Please note that these guidelines are intended to complement information about the Honors Program at Wesleyan maintained by the Registrar’s Office. This document represents the University requirements for all Honors candidates, including those in the Department of Religion.

A thesis at Wesleyan represents a very serious endeavor that will produce an original work of scholarship based on extensive independent research and fashioned through deliberate methodological and theoretical choices.  Sources might include media, textual, and ethnographic, and other materials.  It will be evaluated with the rigor reserved for this level of scholarship.

The advisor works to guide the writer, but not direct her or him.  The writer bears responsibility for determining the pace of the research and writing, although she or he may ask the advisor for help in establishing milestones throughout the project.  The writer and advisor will determine how they will structure their interactions, although the writer bears ultimate responsibility for maintaining the pace of the project’s progress.

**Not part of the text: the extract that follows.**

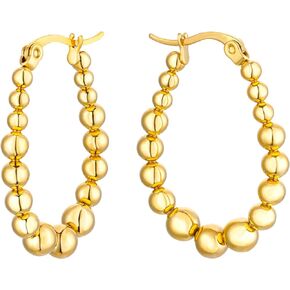 VAttract 18K Gold Plated Hoop Earrings for Women Lightweight Click-Top Hoops Gold Earrings for Girls Trendy Fashion Jewelry Gifts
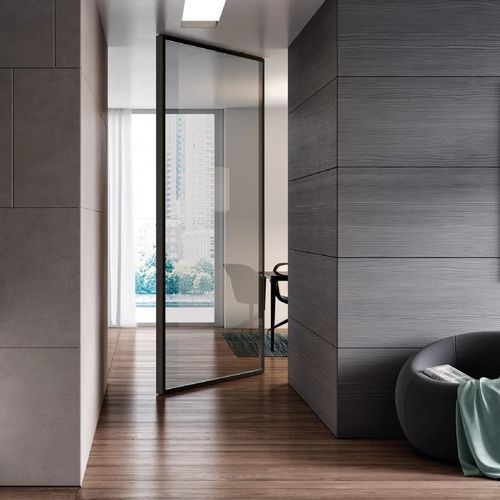 Tür für Innenbereich - VELA UNIK - Bertolotto Porte - Glas / Aluminium / Hartglas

A senior thesis differs from a senior essay in the matters of length and honors.  Essays have tended to be 30 to 50 pages long.  Theses ideally range from 80 to 150 pages in length.  Only senior theses, not essays, are eligible for departmental honors.

Proposing a Thesis

Candidates must declare their interest in writing a thesis and a general idea of their topic in a 2-3 page proposal and a bibliography, to be turned in to the Department chair by the last Friday in April. The proposal should be a description of the intellectual problem of the thesis and the method to be used (whether it will be historical, ethnographic, etc.). Students should list three faculty members who would make good thesis tutors, in order of preference. Ideally students will meet with potential advisors so as to get feedback on the project. The department will determine which theses will move forward with which faculty, and may possibly reject some proposals (for reasons such as feasibility). Students will be notified of the department’s decision before classes end in May.

Please note that some faculty require or strongly prefer to work with candidates who have taken at least one course with them. Others may require coursework in the religious tradition to be investigated.

The student must have a minimum of a B+ ­­­(88.3) GPA in the department’s courses by the end of their junior year to proceed with the project.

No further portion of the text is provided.